Se um data center está localizado em determinado território, ele está, consequentemente, submetido à autoridade que governa esse território, a qual pode exercer seu poder de coerção legal para obrigar empresas a cumprir regras e determinações. A localização de dados é, portanto, um elemento central na discussão sobre soberania digital.
No entanto, a localização por si só é insuficiente. Em uma sociedade hiperconectada, data centers compartilham dados entre si por diversas razões técnicas — é o que conhecemos como computação em nuvem. Pouco importa onde uma informação está sendo processada: grandes empresas de tecnologia operam múltiplos data centers espalhados pelo mundo, muitos dos quais funcionam como espelhos ou cópias de segurança uns dos outros.
Se há preocupação com dados sigilosos — especialmente aqueles coletados pelo setor público — não basta que sejam processados e armazenados em território nacional. A infraestrutura tecnológica que os abriga precisa estar protegida contra a possibilidade de acessos indevidos por parte de empresas ou governos estrangeiros, que poderiam copiar total ou parcialmente essas informações sem o consentimento do titular.

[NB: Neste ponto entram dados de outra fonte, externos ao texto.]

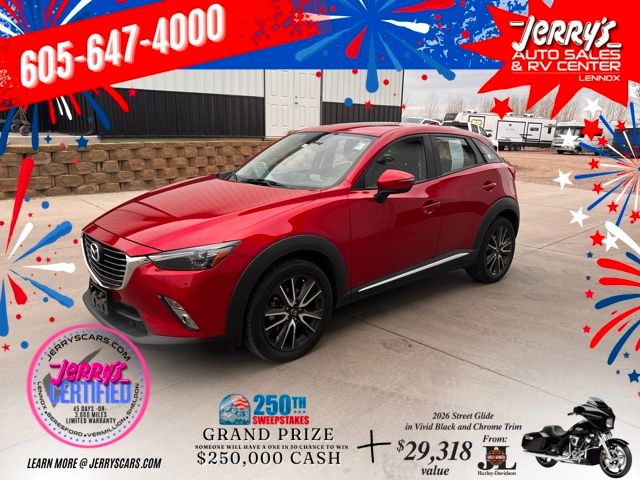 Soul Red Metallic 2016 Mazda CX-3 Grand Touring SUV / Crossover Front-Wheel Drive 6-Speed Automatic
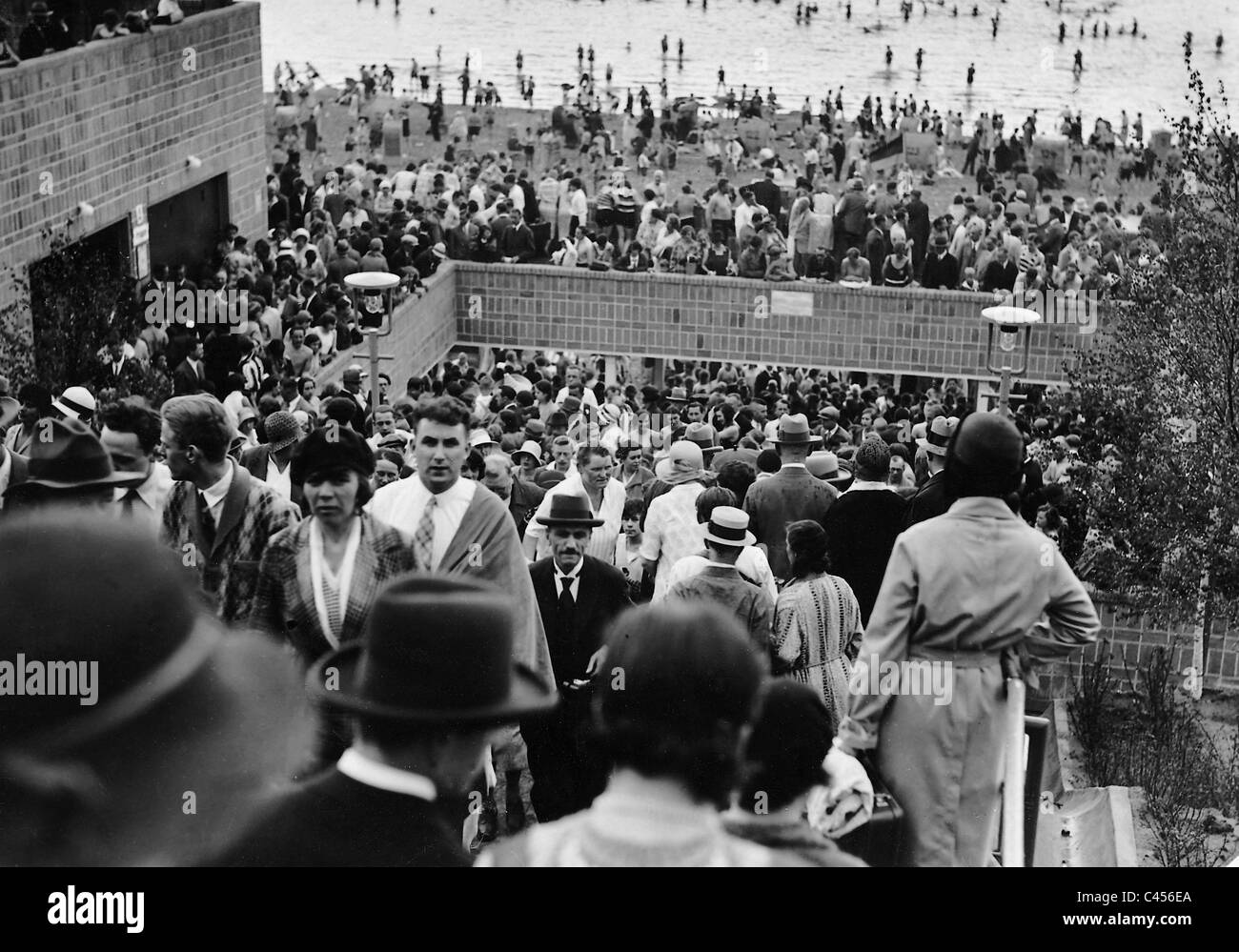 Open-air bath Wannsee, 1930 Stock Photo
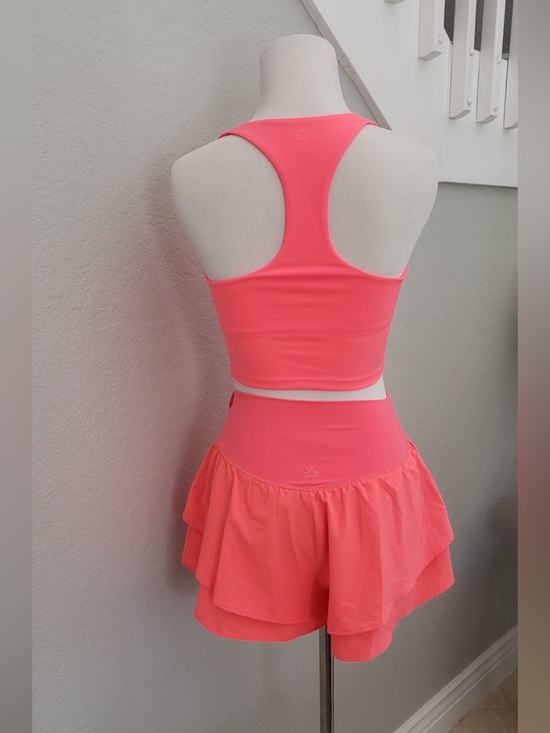 Women's Active Two-Piece Set - Pink & Light Blue - Picture 2 of 6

A verdadeira soberania digital exige atenção a diversos aspectos: controle e propriedade da energia, das telecomunicações, dos centros de dados, dos hardwares e equipamentos utilizados, dos softwares, aplicativos e sistemas, e das bases de dados. A localização é apenas um dos componentes — importante, mas não exclusivo.
Conclusão
A iniciativa do Governo Federal do Brasil é elogiável. A Medida Provisória nº 1.318/2025 acerta ao buscar reduzir os custos de instalação e operação de data centers, ao tentar mitigar déficits na balança comercial causados por serviços digitais e ao buscar diminuir o volume de dados nacionais processados no exterior.
No entanto, a MP não aborda o ponto essencial: a capacidade do país de proteger os dados que aqui são gerados, processados e armazenados. O Brasil precisa, sim, de mais data centers. Essas infraestruturas são as “fábricas modernas”, desempenhando para a sociedade em rede um papel semelhante ao que as indústrias tradicionais tiveram na Revolução Industrial.
Conceder incentivos fiscais para que Big Techs estrangeiras se instalem no país, utilizem nossa capacidade de geração de energia, nossos recursos hídricos para refrigeração de ambientes tecnológicos e operem nossos dados não é suficiente. Corremos o risco de, mais uma vez, ocuparmos o papel de exportadores de matérias-primas — energia limpa e dados — e importadores de produtos de alto valor agregado, como sistemas, aplicativos e seus conteúdos.
Uma política nacional de data centers precisa considerar quem detém a propriedade dessas infraestruturas, a qualidade dos empregos gerados, as tecnologias utilizadas nas operações críticas e os mecanismos de proteção dos dados. Quem controla os data centers deve ter, de fato, compromisso com a democracia e com a soberania nacional do Brasil.